Gasoline, electricity prices expected to decline

By Alex Mills   October 11, 2019 Consumers can expect a slight decline in energy prices the remainder of this year and into 2020, according to projections from the U.S. Energy Information Administration (EIA). Gasoline and electricity prices will follow declining prices for crude and natural gas. West Texas Intermediate is expected to average $56.26 in 2019 down from $65.06 ($9.80) in 2018, and decline another $1.83 to average $54.43 in 2020, according to EIA. Natural gas, the largest generator of electricity in the U.S., will average $2.43 per million British thermal units (Btu) during the fourth quarter of this year, which is a decline from $2.56 average in September. While EIA forecasts softer commodity prices, it is expecting supplies to remain strong. U.S. crude oil production averaged 11.8 million barrels per day (b/d) in July (the most recent month for which data are available), down 0.3 million b/d from June, according to EIA. Declining production was a result of Hurricane Barry, which disrupted crude oil production in the Gulf of Mexico.

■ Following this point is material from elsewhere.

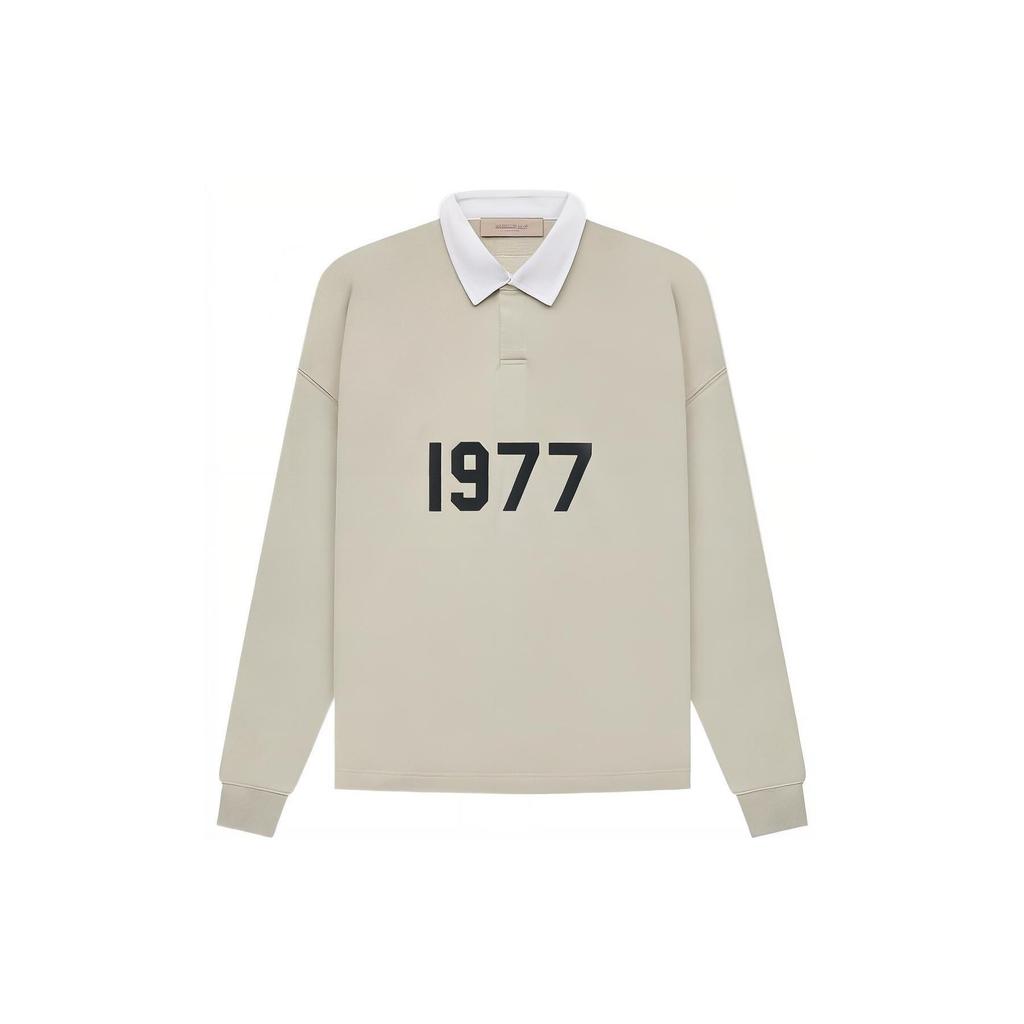 Fear of God Essentials 1977 Serie SS22 Rugby Casual Manica Lunga Polo Top da Uomo Grano FOG-SS22-106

The slowing rate of growth in tight oil production reflects relatively flat crude oil price levels and slowing growth in well-level productivity in the Lower 48 states. However, EIA expects growth to pick up in the fourth quarter as production returns in the Gulf of Mexico and pipelines in the Permian Basin come online to link production areas in West Texas and New Mexico to refining and export centers on the Gulf Coast. U.S. crude oil production will average 12.3 million b/d in 2019, up 1.3 million from the 2018 level, and will rise by 0.9 million b/d in 2020 to an annual average of 13.2 million b/d......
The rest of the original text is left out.